**RECORDED INFORMATION:**
===
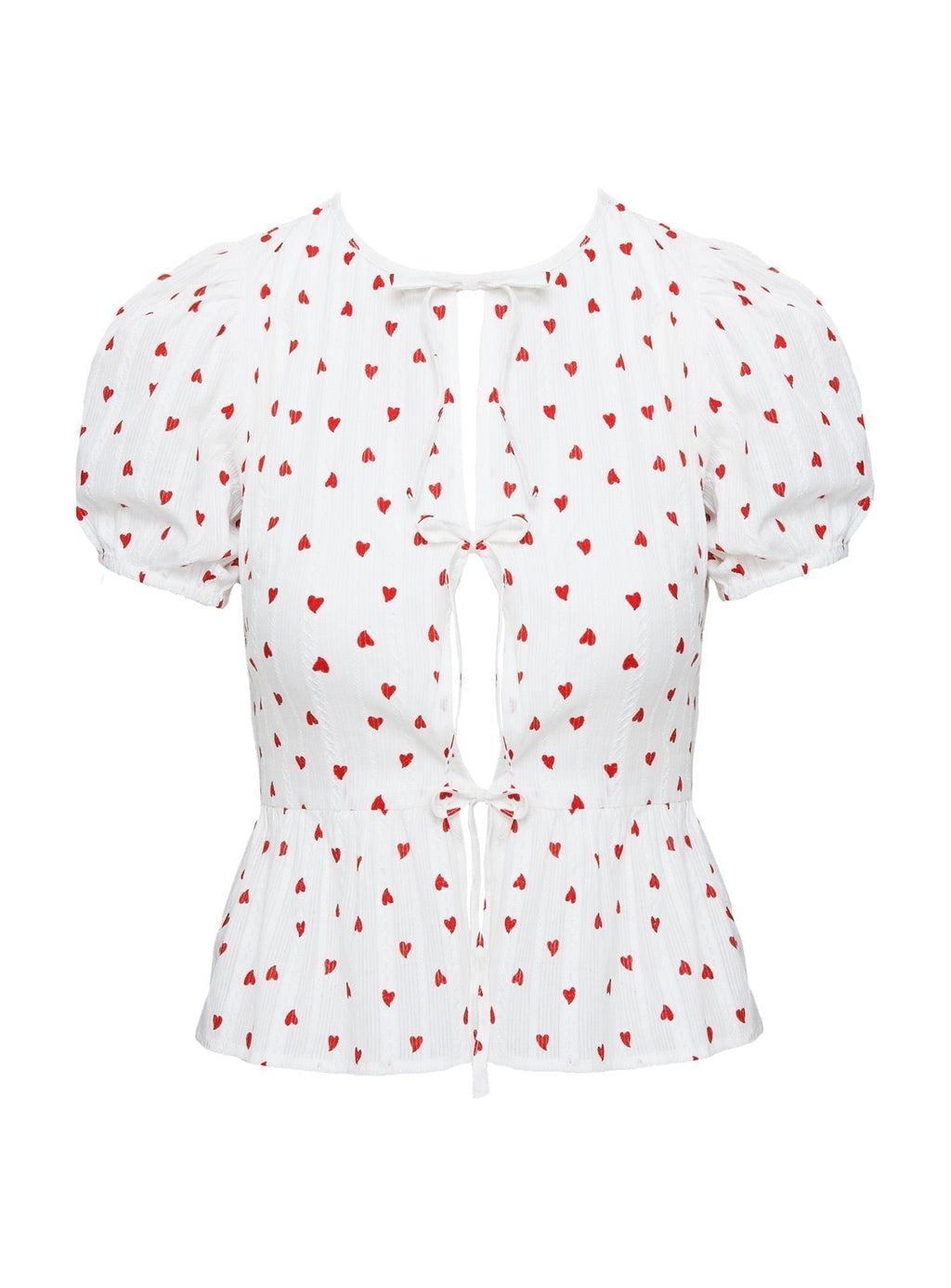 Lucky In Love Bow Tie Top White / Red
===
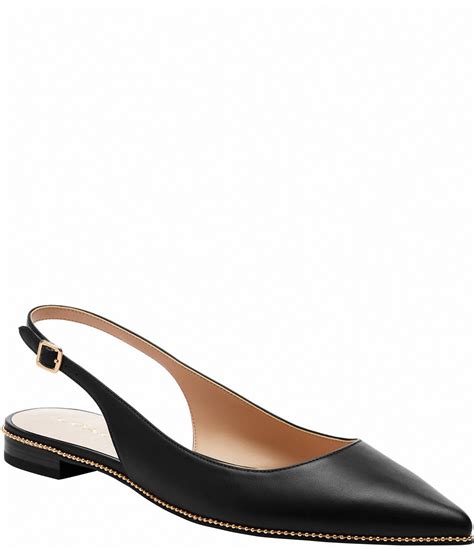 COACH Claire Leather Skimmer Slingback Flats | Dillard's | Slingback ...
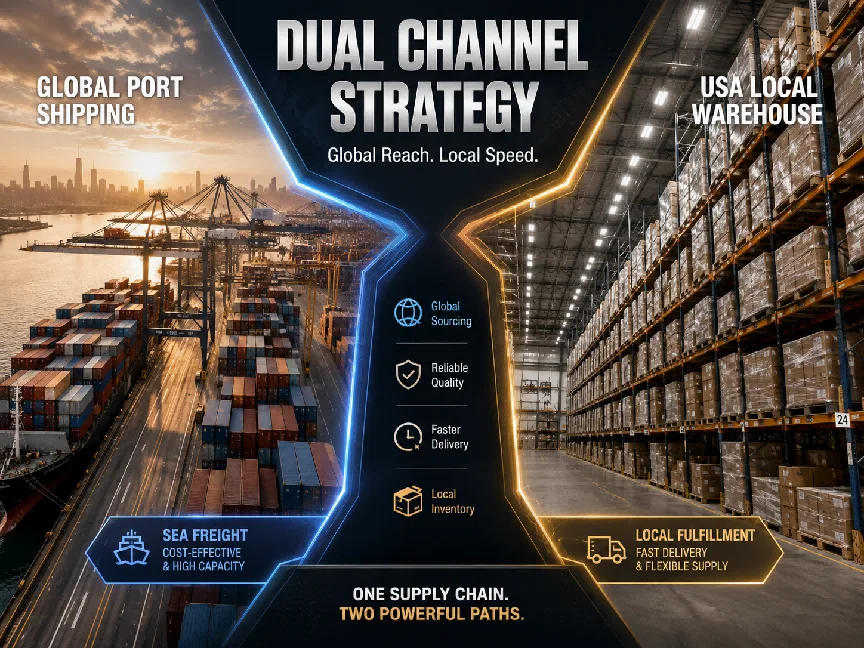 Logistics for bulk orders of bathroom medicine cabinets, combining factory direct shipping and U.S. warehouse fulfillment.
===
**PROBLEM TO WORK ON:** Precisely those lines above that run from the line with "COACH Claire Leather" up to and including the line with "Logistics for bulk" are to be set down, with the pictures omitted.

**ANSWER TO THE PROBLEM:**
 COACH Claire Leather Skimmer Slingback Flats | Dillard's | Slingback ...
 Logistics for bulk orders of bathroom medicine cabinets, combining factory direct shipping and U.S. warehouse fulfillment.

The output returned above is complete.